Ein Sonderstatus scheint mit der Regierung in London unmöglich. Muss es dazu Neuwahlen geben?
Ich kann darüber nicht spekulieren. Wir wollen keinen Brexit ohne Deal, aber wenn es dazu kommt, müssen wir auch diese Situation meistern. Wir brauchen dann ein Abkommen. Es ist nicht gesagt, dass in Großbritannien nach einem No-Deal-Brexit alles bliebe, wie es ist. Es kann sich vieles ändern und wir müssen darüber sprechen.
Mit dem Brexit steht die Frage einer Wiedervereinigung Irlands wieder im Raum. Viele Beobachter meinen, die Tories haben in drei Jahren mehr dafür getan als irische Republikaner im vergangenen Jahrhundert. Wie stehen die Chancen?
Ja, diese Option wird wieder diskutiert. Das Karfreitagsabkommen schreibt die Möglichkeit eines Referendums in Nordirland über eine Wiedervereinigung vor. Sinn Féin (irisch-republikanische Partei in Irland und Nordirland, Anm.) setzt sich vermehrt dafür ein, aber die Regierung in Dublin teilt diese Ansicht nicht. Wir halten das für eine nicht hilfreiche Ablenkung. Der Brexit ist eine große Herausforderung für Irland, Nord wie Süd, und eine ernsthafte Debatte über ein Referendum würde die Krise nur verschärfen.
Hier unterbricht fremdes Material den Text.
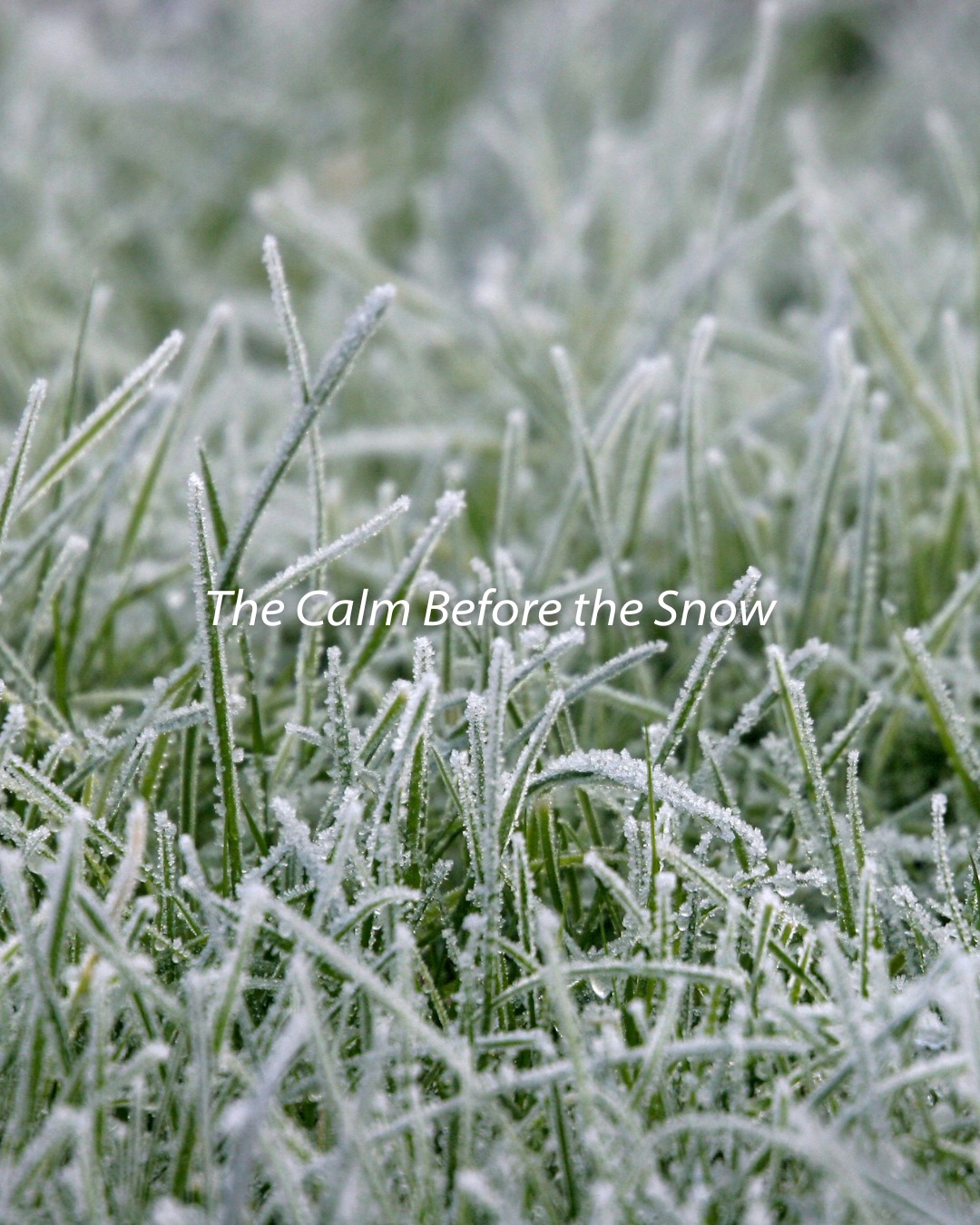 Mountain air and that pre-season buzz. Winter’s just around the corner in Windham.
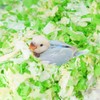Small Animal Bedding, Bird Cozy Nesting Cotton Paper Material, Enhance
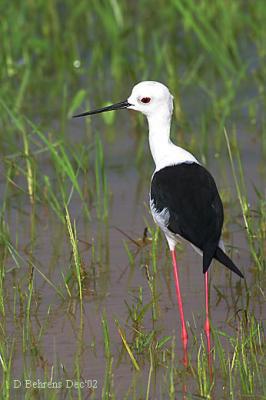 9579238.BlackwingedStilt2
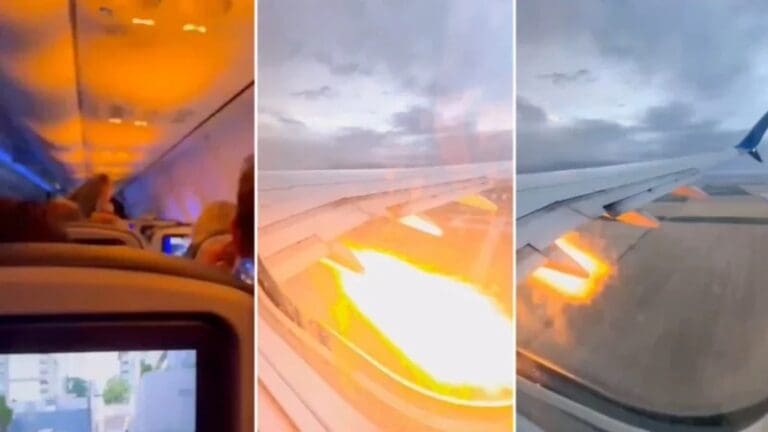 Video: Avión se incendia luego de que un conejo fuera succionado por el motor en Estados Unidos
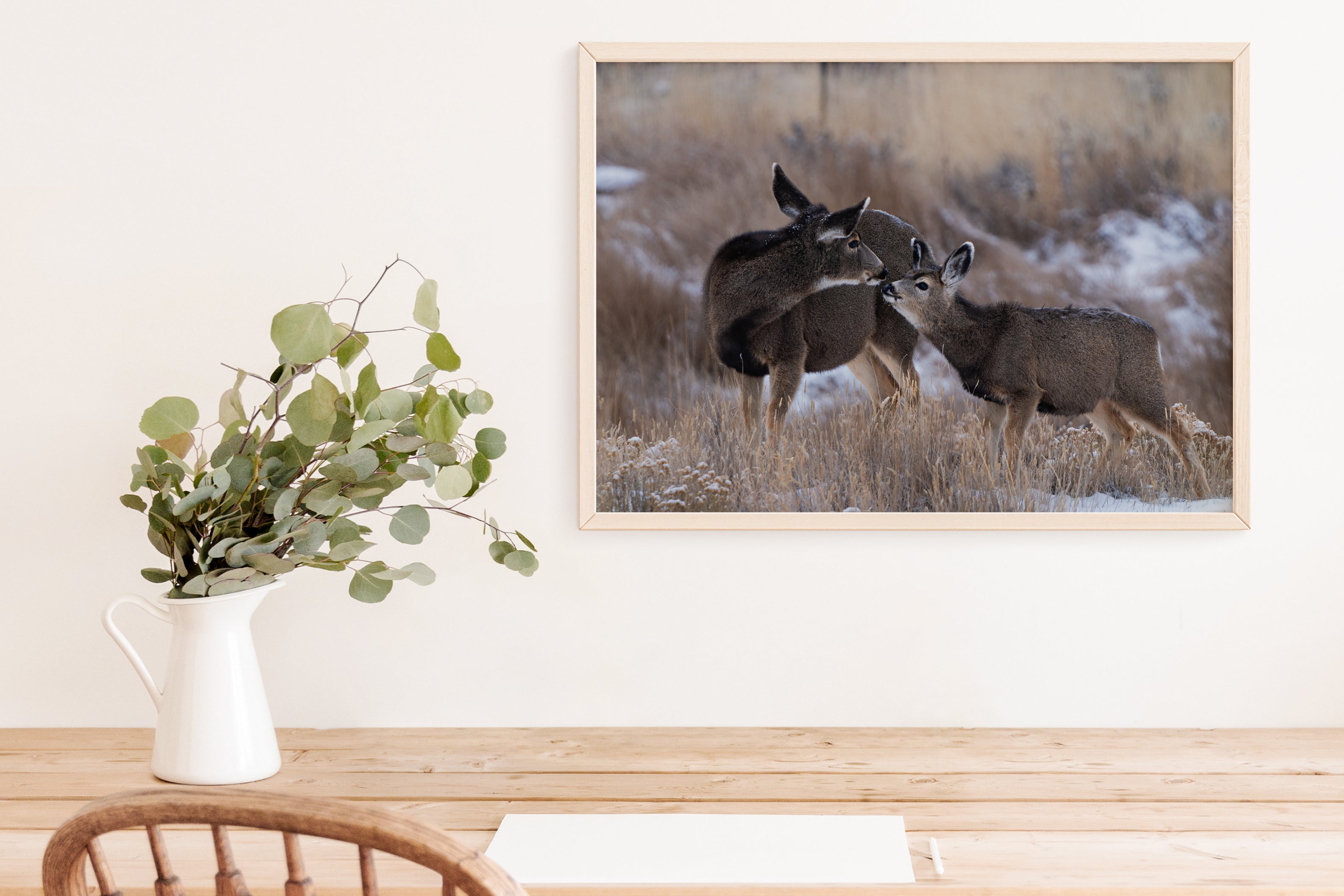 Mamma Deer Kissing Fawn. - The Overland Diaries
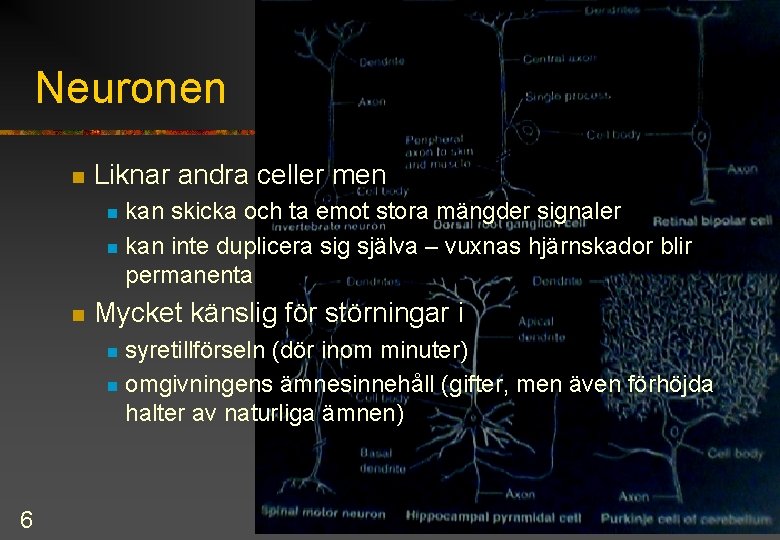 Neuronen n Liknar andra celler men kan skicka och ta emot stora mängder signaler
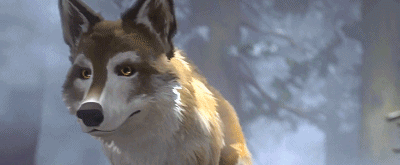 IMG_1414.GIF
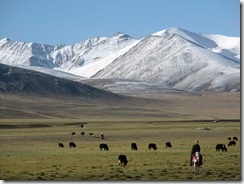 Tibet3 Tibet3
Prinzipiell unterstützen die Iren in der Republik diese Idee aber.
London unterstützt Nordirlands Wirtschaft mit zehn Milliarden Pfund jährlich. Für eine Wiedervereinigung müsste es auch in Dublin ein Referendum geben. Würden die Menschen zustimmen?
Davon ist auszugehen, aber das sind alles Fragen für die Zukunft. Klar ist, dass der Brexit für Nordirland schlecht ist und die wirtschaftlichen Folgen auch für den Süden gravierend sein werden. Der Norden wird wohl am meisten leiden. Es bleibt abzuwarten, wie sich all das auf die Ansichten der Menschen auswirkt.